C’est parti pour le premier stage de la 8e édition d’Adolescence et territoire(s) ! Pendant cinq demi-journées, les 30 jeunes se sont retrouvés à l’Espace 1789 de Saint Ouen, théâtre partenaire du projet. Pour cette première semaine de travail, la chorégraphe Marcela Santander est venue accompagner Mickaël dans son travail.
Nous avons demandé à deux jeunes du groupe de nous raconter, à leur manière, leurs premières impressions suite au stage.
Fanni, 16 ans, Saint-Ouen.
“Confiance c'est par rapport à l'exercice qu'on a fait où il fallait fermer les yeux, se taire et se laisser guider par l'autre. Tout le long de l'exercice je me suis dit que ça reposait sur la confiance, une fois que tu as confiance, tu te laisses guider dans ce qu'il.elle te fait faire.”

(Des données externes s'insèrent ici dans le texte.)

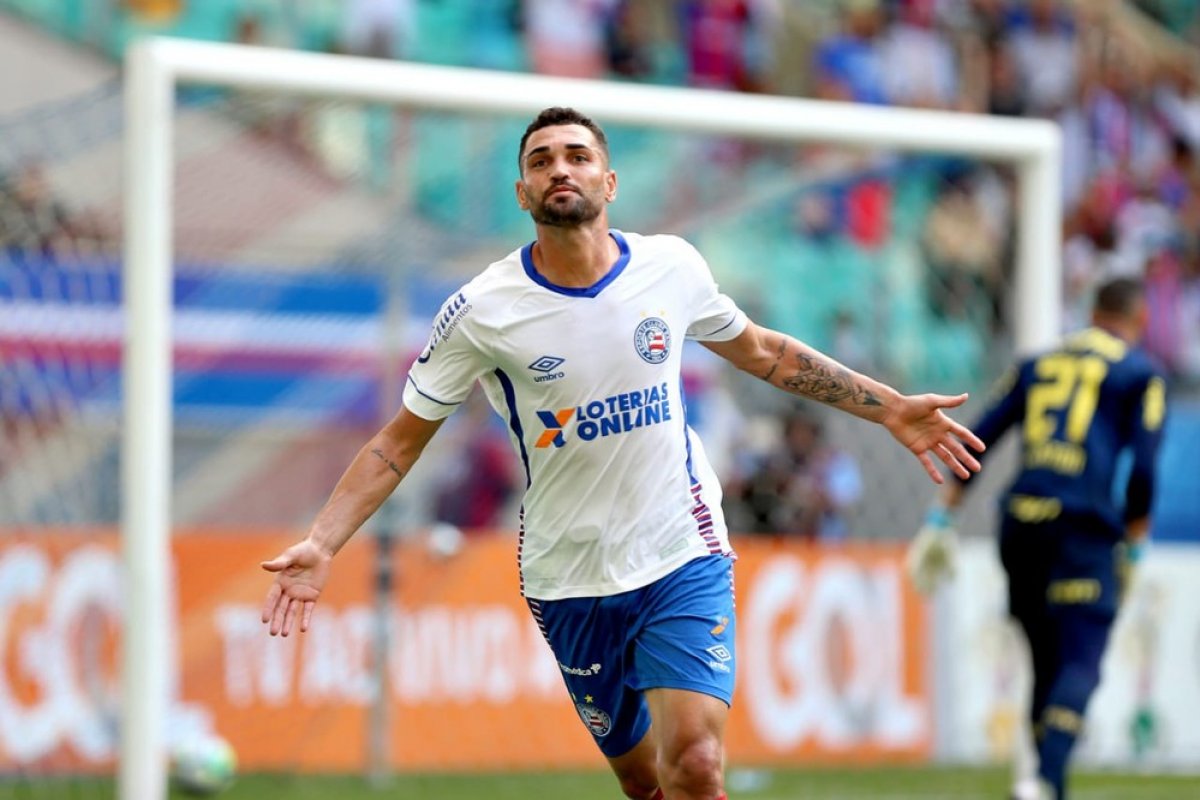 Com dois gols de pênalti, Bahia empata com Palmeiras fora de casa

“Danse c'est parce que l’on fait beaucoup d'exercice liés au mouvement, au positionnement, à l'expression du corps, du coup j'avais envie de dessiner ça”.
Et Groupe, c'est parce que on est énormément, trente, c'est du jamais vu pour Adolescence et Territoire et on ne se ressemble pas tous. On est nombreux et différents, mais pourtant on arrive à travailler tous ensemble.“
Diariou, 16 ans, Gennevilliers.
“Je me suis inspiré d’un visage réel pour créer un personnage avec une multitude de couleurs pour un rendu contemporain.”
Entretien avec Mickaël Phelippeau, le samedi 4 janvier 2019 à l’Espace 1789 réalisé par Ketchup Mayonnaise
Comment es-tu arrivé dans le projet Adolescence et territoire(s) ?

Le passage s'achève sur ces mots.